On 23rd December 2025, NZD/USD touched a high of 0.5843, which proved to be a significant resistance level. The price action on this day reflected hesitation among buyers, as the pair failed to sustain momentum beyond this point. The candlestick structure showed a relatively small body with an upper wick, indicating rejection at higher levels and suggesting that sellers were active near the 0.5840–0.5850 psychological zone.

From a daily chart perspective, the moving averages provided a clear picture of the prevailing trend. The 20 day moving average was positioned around 0.5805, just below the day’s high, which reinforced the idea of short term resistance pressure. The 50 day moving average was located near 0.5720 and was sloping upward, confirming medium term bullish momentum. The 200 day moving average stood at approximately 0.5630, also pointing upward, which highlighted that the long term bias had shifted toward bullishness. Momentum indicators supported this view. The Relative Strength Index (RSI) hovered around 65, a level that reflects strong bullish momentum but also warns of potential overbought conditions. The MACD histogram remained positive with the signal line above zero, confirming that buyers were still present in the market, though momentum was beginning to flatten near resistance.

On the four hour chart, the pair showed consolidation after touching 0.5843. The stochastic oscillator was positioned near 80, which indicated overbought conditions and the possibility of a short term pullback. Momentum readings were flattening, suggesting that buyers were not able to push the pair higher with conviction. Immediate support was seen at 0.5810, with stronger support at 0.5780. Resistance was clearly defined at 0.5840–0.5850, with the next level of resistance at 0.5890. This intraday structure pointed to range bound trading conditions, with sellers defending the upper boundary.

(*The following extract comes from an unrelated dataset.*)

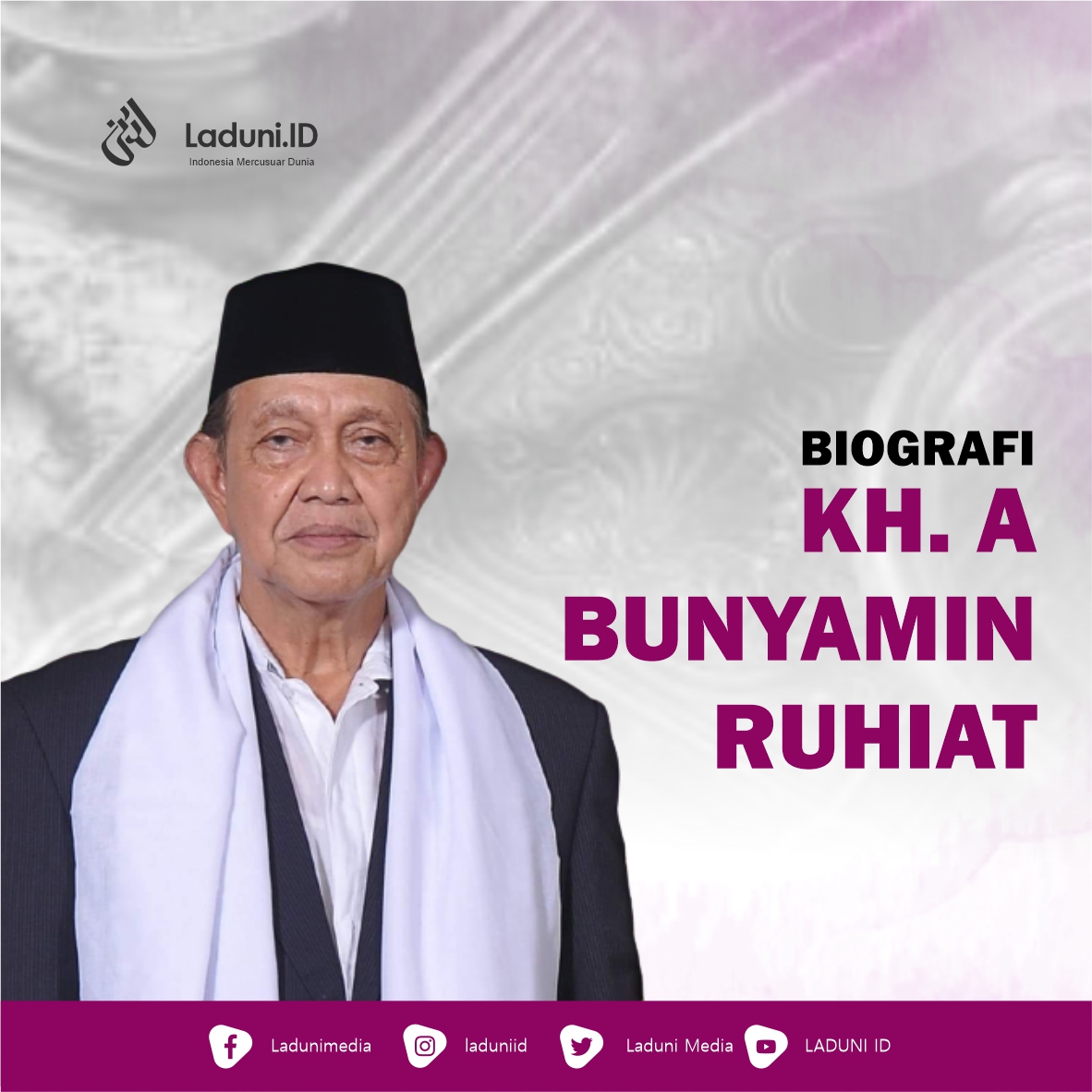 Biografi KH. A Bunyamin Ruhiat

The weekly chart provided a broader perspective. NZD/USD has been in a recovery phase since the October 2025 lows near 0.5520, characterized by higher lows and higher highs. Volatility, measured by the Average True Range (ATR), was moderate at around 0.0058, suggesting that price swings were contained but directional bias remained bullish. A Fibonacci retracement drawn from the July 2025 high of 0.6050 to the October low of 0.5520 revealed important levels. The 38.2 percent retracement stood at 0.5725, the 50 percent retracement at 0.5785, and the 61.8 percent retracement at 0.5845. The high of 0.5843 coincided almost exactly with the 61.8 percent retracement, which reinforced the idea that the market was testing a critical resistance zone where sellers were likely to be active.

Taken together, these signals suggest that NZD/USD faced strong resistance at 0.5840–0.5850. In the short term, the rejection at this level pointed to potential downside risks, with 0.5810 and 0.5780 acting as immediate support zones. In the medium term, the moving averages and momentum indicators indicated bullish consolidation, with the pair likely to remain supported unless it broke decisively below 0.5780. In the longer term, the recovery trend remained intact as long as the pair traded above the 0.5725–0.5785 region, which coincides with the 50 day moving average and the 38.2–50 percent Fibonacci retracement levels.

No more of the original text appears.